Department:  Biochemical Genetics

Phone Number: 206-987-2216

 

Reference Range

 

Specimen Type Normal Range (nmol/17 hr/mg protein)

WBC

100-395

 

 

Methodology

Method: Spectrophotometry

Analytical Volume:

Limitations:

CPT Codes

82657

Requisition

Biochemical Genetics Requisiton

 

On the requisition include clinical information needed for appropriate interpretation. (Age, gender, drug therapy and family history)

Clinical Utility

Metachromatic leukodystrophy

Metachromatic leukodystrophy (MLD) is an autosomal recessive inherited disorder in which the desulfation of 3-0-sulfogalactosyl-containing glycolipids by arylsulfatase A (ASA) is defective.

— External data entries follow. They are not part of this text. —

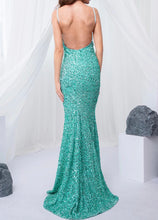 Cargar imagen en el visor de la galería, Sequin Stretch Backless Slit Dress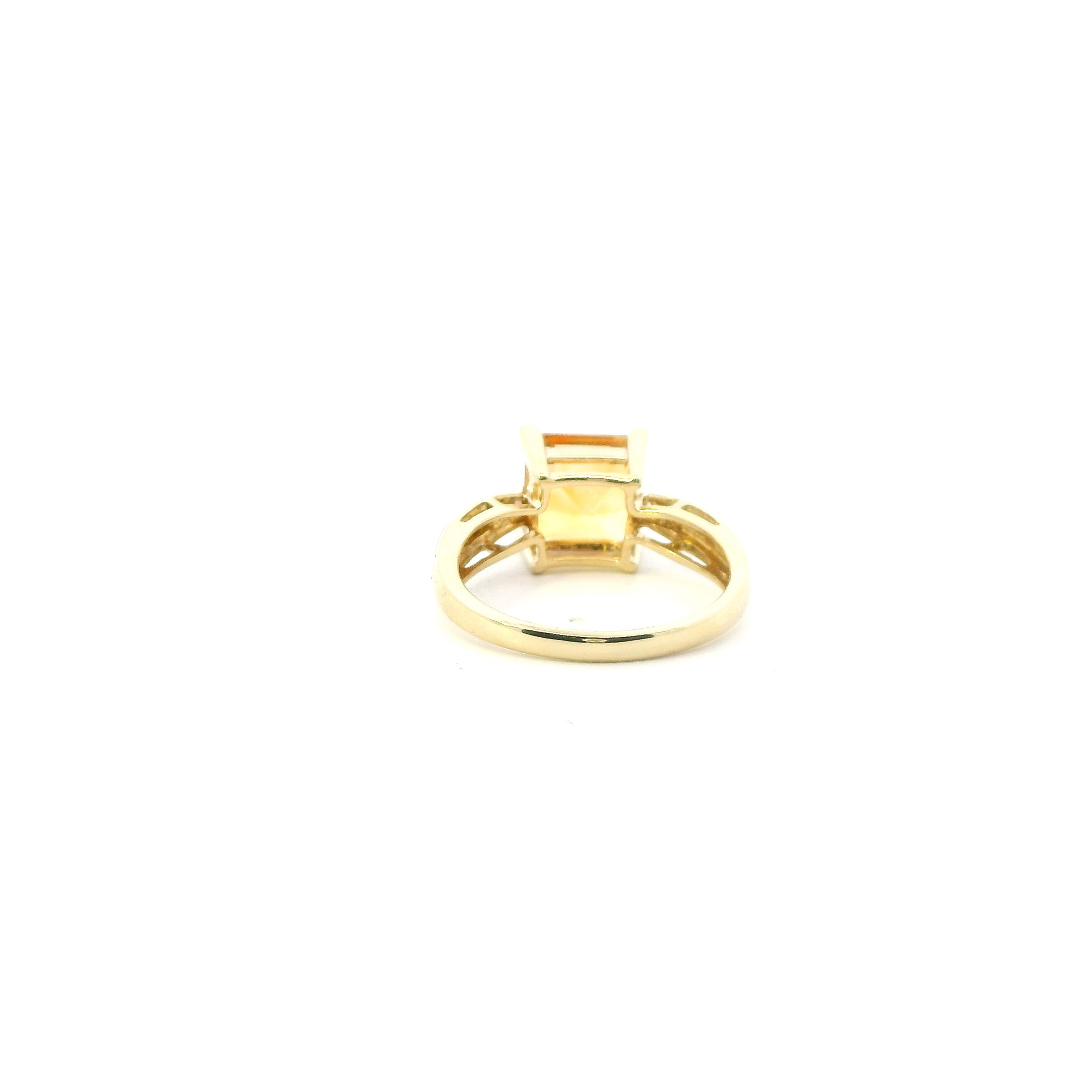 10K Yellow Gold Citrine & Diamond Womens Ring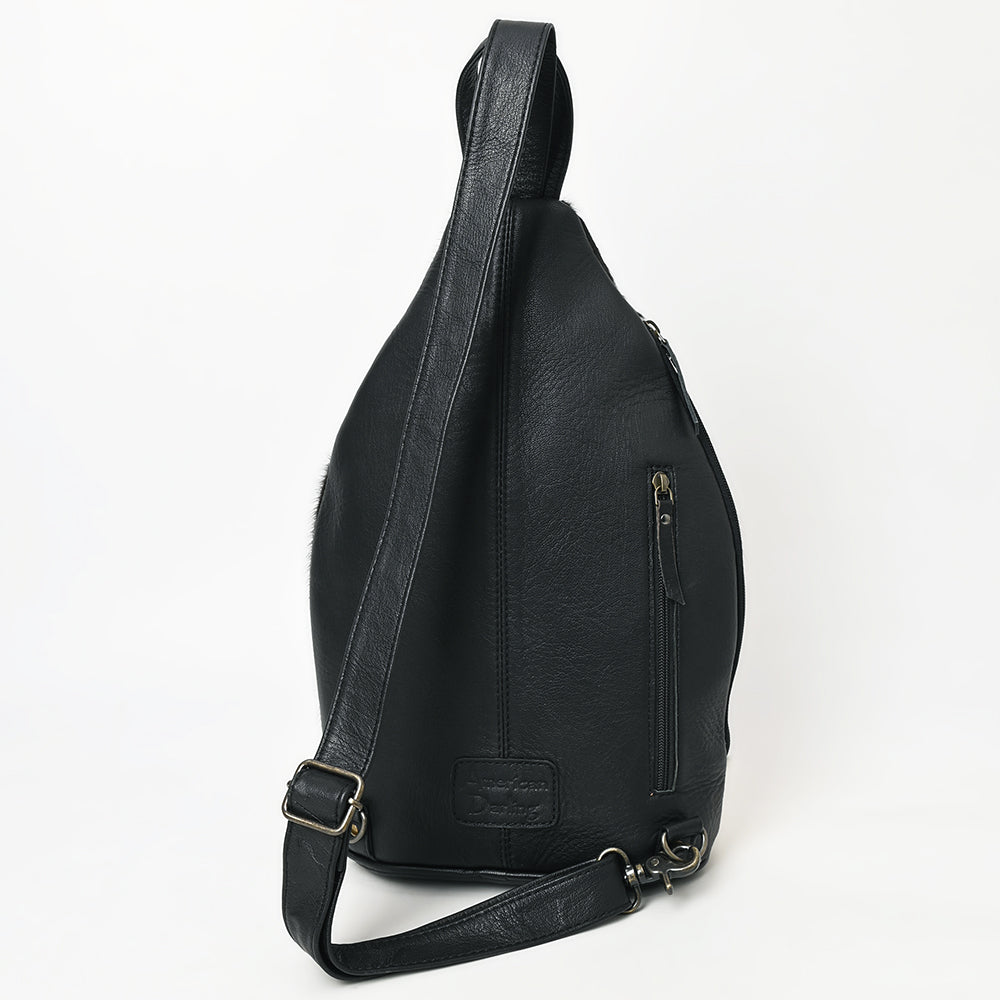 American Darling Hand-Tooled Hair-On Genuine Leather Sling Bag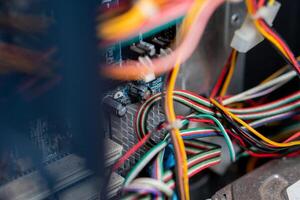 Colorful Wires and Components Inside a Computer Case photo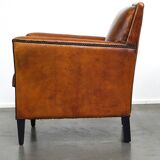 Sleek sheepskin Art Deco design armchair with beautiful details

The clinical onset and severity of MLD is variable. The late infantile form typically presents in the second year of life, the juvenile form presents between age 4 and puberty, and the adult form may present at any age after puberty. Gait disturbance and mental regression are the earliest signs. Depending on the variant, other symptoms include blindness, seizures, and behavioral disturbances. Diagnosis of MLD is complicated by the fact that significant reduction of ASA activity may not prove MLD and that its presence does not exclude it. Significant reduction of ASA activity is observed in individuals homozygous for the pseudodeficiency allele. Normal ASA activity is observed in MLD patients with a deficiency of saposin B. Residual activity  can be detected in patients with late infantile MLD. Arylsulfatase B should always be measured if ASA is deficient.

 

Multiple sulfatase deficiency

Multiple sulfatase deficiency (MSD) is a rare autosomal recessive disorder characterized by the deficiencies of all 12 known sulfatases and leading to a clinical presentation that generally resembles late infantile MLD. Biochemical confirmation is made by reduced activity of both arylsulfatase A and B.